* [PROBLEM]:
In the listing that follows, the range to quote begins at the line that has "Goal setting is" and ends after the line that has "NeroCap also works"; quote it verbatim and add nothing.

* [THE DATA]:
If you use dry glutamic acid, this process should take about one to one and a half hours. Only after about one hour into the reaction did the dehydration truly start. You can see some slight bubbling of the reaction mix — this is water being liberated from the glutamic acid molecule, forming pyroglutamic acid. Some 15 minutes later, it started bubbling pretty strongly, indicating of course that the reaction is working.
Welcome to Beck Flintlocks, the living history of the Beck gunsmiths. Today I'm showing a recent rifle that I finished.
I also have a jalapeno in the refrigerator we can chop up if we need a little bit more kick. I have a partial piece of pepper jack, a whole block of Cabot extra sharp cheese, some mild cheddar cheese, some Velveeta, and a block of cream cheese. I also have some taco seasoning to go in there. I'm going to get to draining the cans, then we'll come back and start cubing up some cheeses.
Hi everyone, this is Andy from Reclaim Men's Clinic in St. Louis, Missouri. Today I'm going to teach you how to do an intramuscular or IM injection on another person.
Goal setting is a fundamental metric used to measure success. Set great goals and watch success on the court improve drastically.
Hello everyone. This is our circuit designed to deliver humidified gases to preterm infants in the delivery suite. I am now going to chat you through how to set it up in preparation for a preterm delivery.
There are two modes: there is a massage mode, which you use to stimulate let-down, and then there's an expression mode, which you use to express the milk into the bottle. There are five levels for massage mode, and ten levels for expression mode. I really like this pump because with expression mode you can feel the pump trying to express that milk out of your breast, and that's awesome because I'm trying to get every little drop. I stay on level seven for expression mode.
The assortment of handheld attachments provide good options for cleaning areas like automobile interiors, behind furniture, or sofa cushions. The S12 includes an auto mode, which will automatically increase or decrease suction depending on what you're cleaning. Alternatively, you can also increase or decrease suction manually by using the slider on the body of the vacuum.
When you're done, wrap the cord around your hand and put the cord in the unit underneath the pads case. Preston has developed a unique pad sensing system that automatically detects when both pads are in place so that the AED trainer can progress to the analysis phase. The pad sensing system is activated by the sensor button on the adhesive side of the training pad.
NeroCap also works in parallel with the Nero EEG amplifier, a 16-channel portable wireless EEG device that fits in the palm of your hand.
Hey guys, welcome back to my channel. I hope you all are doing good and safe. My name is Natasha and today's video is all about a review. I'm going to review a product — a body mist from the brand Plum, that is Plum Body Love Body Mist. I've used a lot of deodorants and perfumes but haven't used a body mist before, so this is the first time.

* [COMPLETED TASK]:
Goal setting is a fundamental metric used to measure success. Set great goals and watch success on the court improve drastically.
Hello everyone. This is our circuit designed to deliver humidified gases to preterm infants in the delivery suite. I am now going to chat you through how to set it up in preparation for a preterm delivery.
There are two modes: there is a massage mode, which you use to stimulate let-down, and then there's an expression mode, which you use to express the milk into the bottle. There are five levels for massage mode, and ten levels for expression mode. I really like this pump because with expression mode you can feel the pump trying to express that milk out of your breast, and that's awesome because I'm trying to get every little drop. I stay on level seven for expression mode.
The assortment of handheld attachments provide good options for cleaning areas like automobile interiors, behind furniture, or sofa cushions. The S12 includes an auto mode, which will automatically increase or decrease suction depending on what you're cleaning. Alternatively, you can also increase or decrease suction manually by using the slider on the body of the vacuum.
When you're done, wrap the cord around your hand and put the cord in the unit underneath the pads case. Preston has developed a unique pad sensing system that automatically detects when both pads are in place so that the AED trainer can progress to the analysis phase. The pad sensing system is activated by the sensor button on the adhesive side of the training pad.
NeroCap also works in parallel with the Nero EEG amplifier, a 16-channel portable wireless EEG device that fits in the palm of your hand.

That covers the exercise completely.